– Так, может быть, прогуляемся? Отужинаете со мной?
– Благодарю, я только поужинала, – солгала.
– Хорошо, не буду настаивать, – чуть улыбнулся Бортников, взгляд его остановился на моих губах, и я вдруг вспомнила тот наш давно забытый мною поцелуй у дверей дома на Гороховой.
«Я принес вам мазь»…
Не зная, куда деть себя от неловкости, я пальцами нашла бриллиант на правой руке.
– Так … что вы хотели, Иван Петрович?
Тогда, убегая от невидимого преследователя, я тоже боялась. И сердце точно так же стучало в груди. Но теперь, чего ты боишься, Мария? Неловкости? Смешно. Я расправила плечи.
Бортников моментально перешел на деловой тон.
– В этой истории с убийствами полно белых мест, – заметил он. – Одни лишь признательные показания чего стоят, взгляните, – он передал мне лист с копией.
Я пробежалась глазами по ровным строчкам.
– Не та очередность, – у меня задрожали руки.
Душил веревкой? Я читала заключение Ежова, не было никаких веревок! Девицы задушены руками!
– И детали не те… – чувствуя, как сжимают горло ледяные тиски, я нашла глазами Ивана.
– Именно, – кивнул Бортников. – Подробности зверских убийств смаковали в прессе, но всё же далеко не все. А наш предполагаемый убийца, будто из газет их взял. И ни одного слова в пользу собственной защиты. Более того, я намеренно придумал несуществующий золотой медальон у одной из жертв, так он и тут не отпирался. Был, мол, видел. Такое ощущение, ему хоть десять убийств приплети, так он и в одиннадцатом, сверху сознается, – покачал головой адвокат. – Одного не могу понять, зачем на себя наговаривать? Тем более сейчас, когда народу только дай повод вздернуть церковников на крестах их же соборов.
– О, господи… – выдохнула я.
Виски заломило, золотые мушки заплясали перед глазами кадриль. Я спиной оперлась о дверь, чтобы не упасть. Бортников подхватил меня под руку, в голове помутилось, и мне почудилось, что адвокат губами коснулся моего виска.
– И всё же, вам нужно на воздух. Совсем рядом подают чудесное мороженое. Вам понравится, я уверен. Пятнадцать минут, и я сопровожу вас обратно в квартиру.

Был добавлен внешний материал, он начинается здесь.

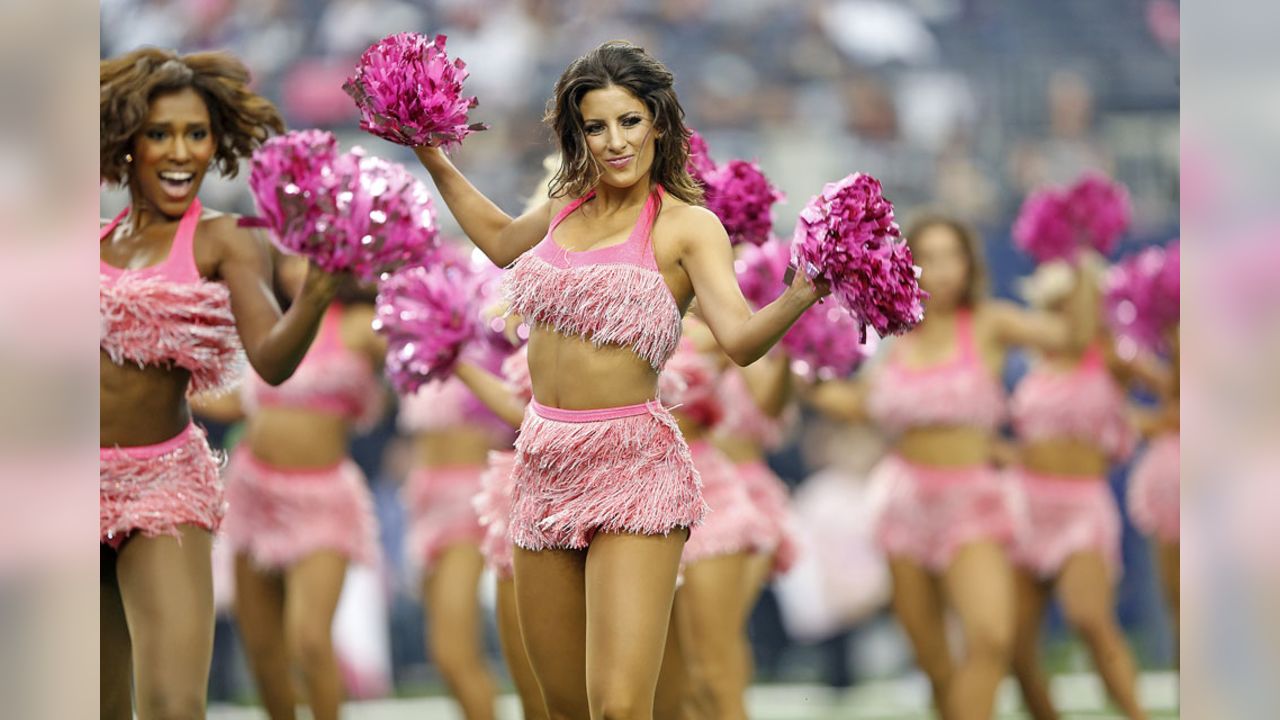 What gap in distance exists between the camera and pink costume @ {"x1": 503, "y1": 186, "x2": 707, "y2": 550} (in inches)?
122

– Мне нельзя уходить, – выдавила я, мечтая оказаться на улице, вдохнуть полной грудью. – Я жду Чернышова.
Я снова ошиблась!
Бортников поджал губы и покачал головой.
– Маша, хотя бы во двор!
– Да ...
Закрыв дверь, я оперлась на локоть адвоката. Ноги дрожали, голова раскалывалась. Не помня себя, я глотала горький уличный воздух. Запахи, всюду яркие запахи... Я потерла виски, взглядом цепляясь за белый шрам.
Не понимаю, я не понимаю…
Я подняла глаза к небу, будто надеясь найти ответ в белых облаках. Ничего … небо молчало, оно давно глухо к заботам смертных. Чтобы оно услышало, я помню, кричать должен ангел.
Только я – лишь человек, и на солнце мне больно смотреть. Я опустила взгляд – на земле жила жизнь. Бурлила, кипела, спешила. И стучала, билась в разуме мысль: как… как теперь помочь тому, кто сам, желая кары за единственный грех, отказывается защищаться!
Не знаю! Я не знаю, как мне быть! И земля под моими ногами – круглый шарик, к вопросам моим, как и небо – глух.